Укиё снисходительно хмыкнул.
— У нас с Наруто-куном разные группы крови, и это едва ли осуществимо. Нет, не себе. Демону — кому-нибудь из моего зверинца. Разумеется, я не стал бы рассказывать подопытному существу, ЧЬЯ кровь ему вводится. По его реакции на вливание крови Узумаки — если б такая наличествовала и проявилась в каком-либо необычном поведении или изменении самочувствия — я сделал бы вывод, оказывает ли заключенная в нем духовная составляющая Кьюуби необратимое воздействие на клетки организма дзинчурики. По своей идее такой эксперимент до оскорбительного прост и примитивен, но не нужно недооценивать его зна... Эй, не дергай цепь, ты мне руку оборвешь! Я не тебе ее собрался переливать! Утихомирься!
Во внутреннем кармане одеяния Укиё разразилась треском миниатюрная рация.
— Мутэ-сама, — сказала она мужским голосом, теряющимся в шуме помех. — Это Касимо, докладываю, как вы и приказывали. На мосту собралась толпа: человек пятьдесят или семьдесят — точнее не скажу. К ним непрерывно стекаются все новые люди, но пока численный перевес на нашей стороне. Ломают ворота тараном, слышите?
— Да, очень хорошо.
Со стороны моста доносились мерные глухие удары и несмолкаемая ругань, но пока что ворота держались. Судя по тому, что их ломали, а не пробовали попросту перелезть, какое-то количество защитников там еще оставалось.
— Велите атаковать сейчас?
— Велю, — разрешил адмирал-префект. — Пощады не давать. И поспеши: после визита Акацки у меня здесь такой бардак, что я не берусь сказать, сколько у меня бойцов, и как долго мы протянем.

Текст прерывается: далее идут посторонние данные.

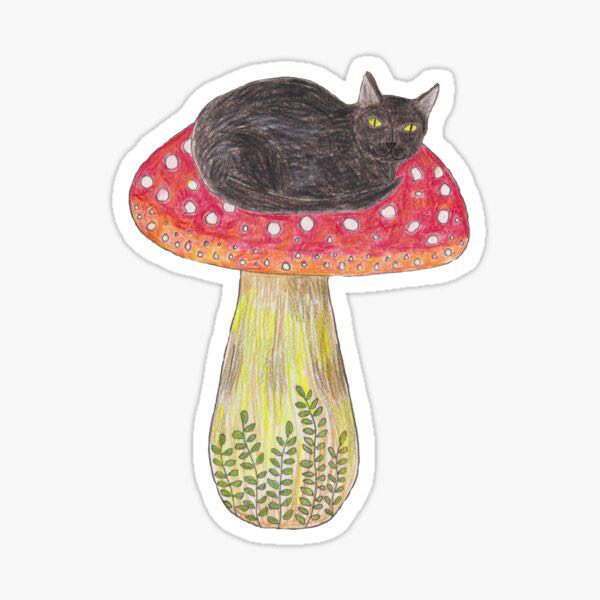 （分類：）位於 。 由 MushroomCcat 提交（商品編號 1155378904，圖片 1）。簡介： 。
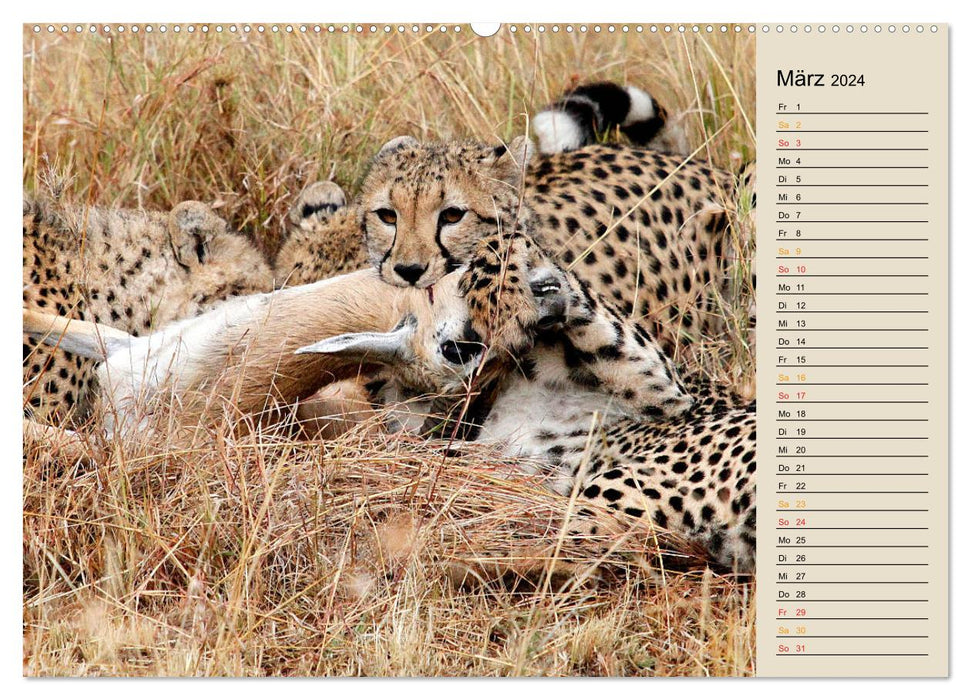 Cats - Encounters in Africa (CALVENDO Premium Wall Calendar 2024) 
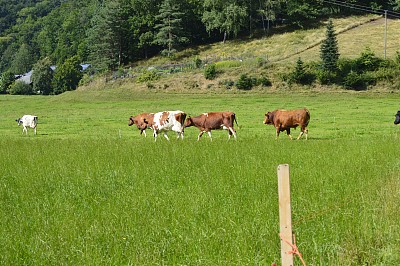 回家的路上图片下载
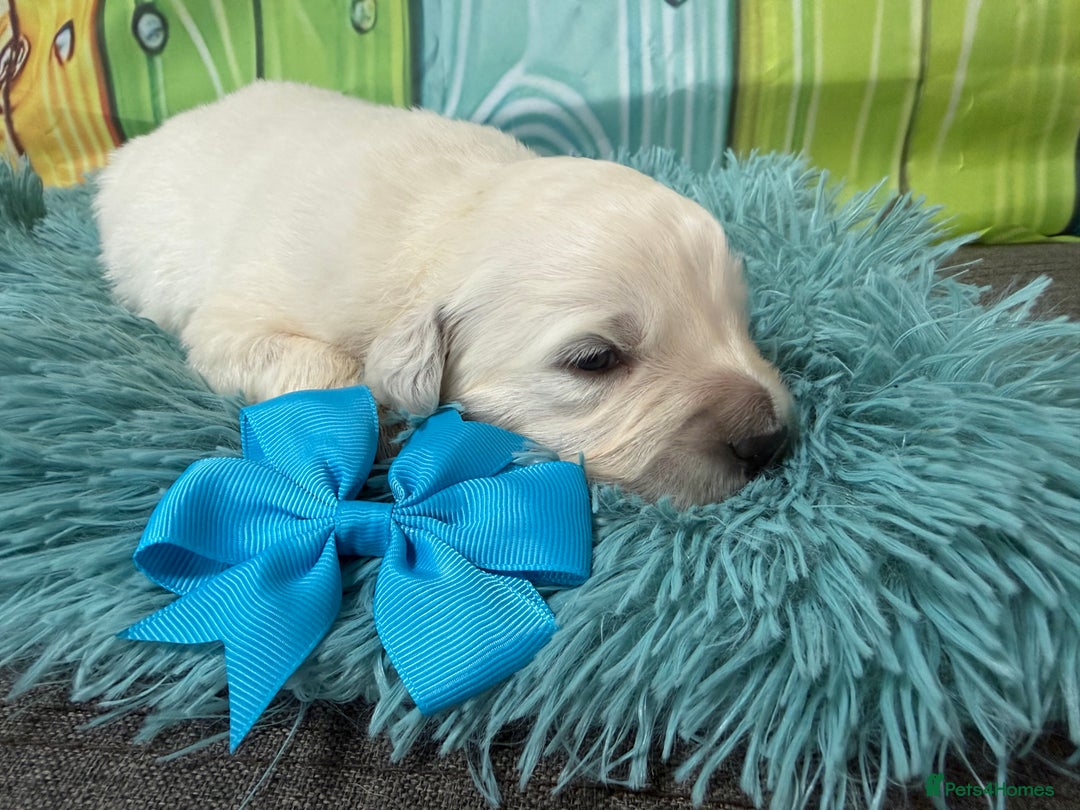 Golden Retriever dogs for sale: Beautiful KC reg DNA clear puppies available  - Advert 6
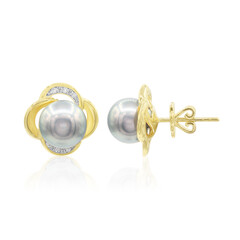 Boucles d'oreilles en or et Perle de culture de Tahiti (TPC)
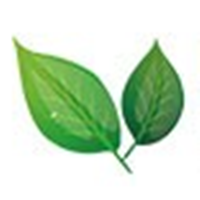 PAD_PAD币价格_PAD最新价格_PAD交易所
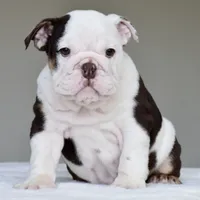 KIRA, a female English Bulldog for sale in Dallas, TX – 2 of 9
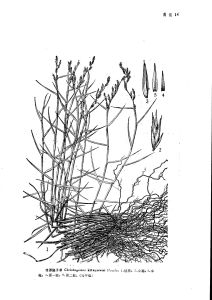 凌源隱子草(原變種) 凌源隱子草(原變種)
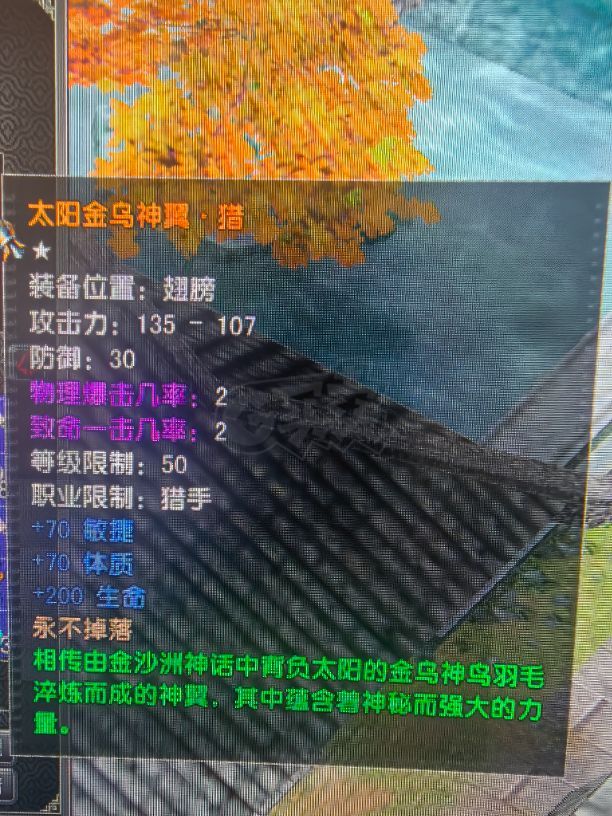 风云怀旧服-账号-[猎手 融合期*5阶]盘地猎手，80级神武器衣服护手鞋子腰带加20套，5孔套，神背包，50级金乌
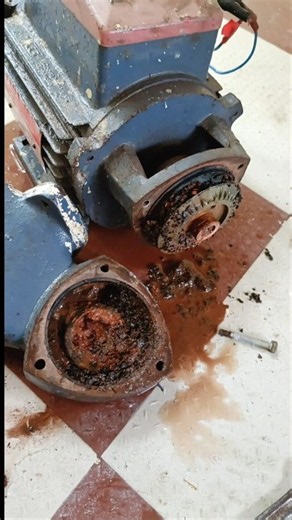 DIY Dead Water Pump Repair in 10 Minutes | DIY Motor Repair #plumbing ✅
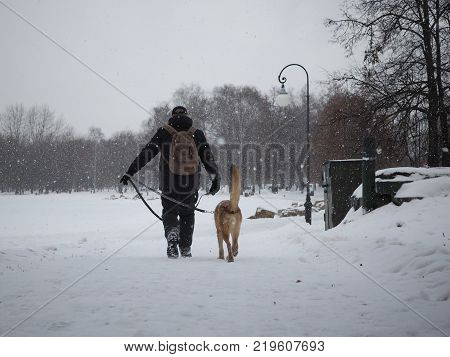 The owner and the dog go around the track. The snow falls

Пообещав исполнить все немедля, Касимо отключился. Демон, позабыв про Всеблагого и его загонщиков, долго созерцал расслабленное лицо хозяина, затем изрек:
— Не надеюсь ни в коей мере, что встревожу вас этим известием, но подчиненные того, кого вы назвали Касимо, еще только готовятся к атаке, а ворота уже не выдерживают. Причем, когда они рухнут, их защитники, коих осталось семь человек, наверняка сбегут.
— Помнишь сентябрьский мятеж? — вместо ответа спросил Укиё.
— Как много я могу из него помнить? — с укоризной сказал демон. — Стены моего узилища обшиты серебряными зеркалами: нарочно, чтобы ослепить мои глаза.
— Добро тебе, а кто тогда пытался под шумок сбежать из клетки?
— Пытался — не значит сбежал. А не сбежал — так не исключено, что и не пытался вовсе.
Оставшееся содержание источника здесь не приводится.